While the Anglo-Saxon chronicle and several other documents dating back to the early Middle Ages posit the beginning of the Viking Age in 793 AD (when a convoy of Norwegian Vikings raided the Catholic abbey of Lindisfarne, at the time part of the Anglian kingdom of Northumbria) it has been previously suggested that the voyages of the Norsemen started earlier on and had a peaceful side to them.

Contrary to a popular belief, it was not conquest and raiding that actually triggered the start of the Viking era but rather trade. So it was that Ribe was established as a trading post in the first decade of the 8th century, being as such the oldest urban settlement in Scandinavia and officially attested as town in a mid 9th century charter (although by the 780s it had most likely achieved this status of urban development).

Detailed map depicting the settlements of the Norsemen in Europe and overseas during the Viking Age. Image source: Wikimedia Commons

Alongside Kaupang (in Norway), Birka (in Sweden) and Hedeby (also located in Jutland, now in Schleswig-Holstein, northern Germany), the town of Ribe constituted a major trading post in early medieval Scandinavia.

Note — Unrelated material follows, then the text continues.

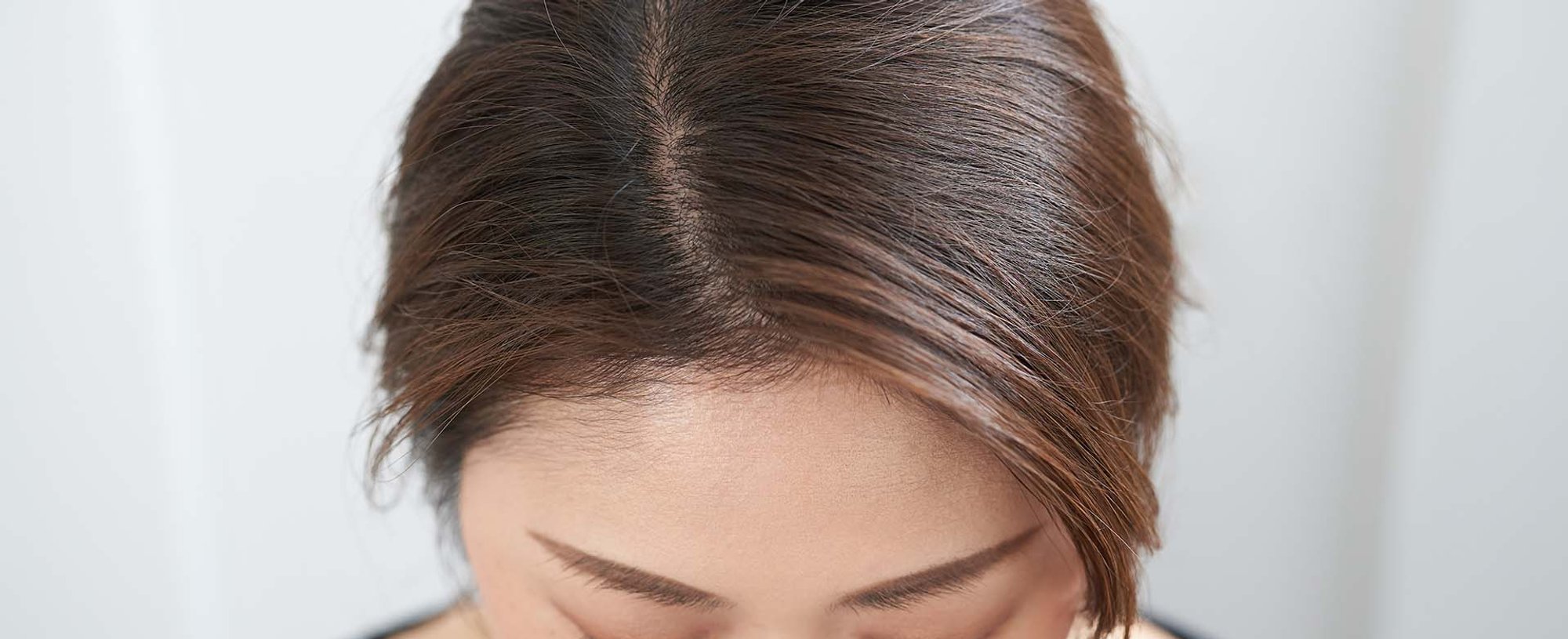 Loreal Paris Article How to Care for a Sensitive Scalp D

According to the study of Professor Søren Sindbæk at Aarhus University in Denmark, Norwegian Vikings sailed southward to Ribe as early as 725. The team of researchers unearthed the remains of some deer antlers on the site of Ribe’s old marketplace. They also came to the conclusion that the reindeer remains stemmed from Norway.

Ribe Lutheran cathedral. Image source: www.pixabay.com

‘This is the first time we have proof that seafaring culture, which was the basis for the Viking era, has a history in Ribe. It’s fascinating,’ said Professor Søren Sindbæk for Science Nordic. ‘We can now show that the famous Scandinavian sea voyages, which eventually led to the discovery of Iceland and Greenland, have a history of some commercial travel, not just raids. Previously we were inclined to say that yes, once you can sail across open water, you can also sail to the commercial towns — now we can turn the equation around and say that trading towns may have been an important part of the drive behind developing new technologies,’ Sindbæk added.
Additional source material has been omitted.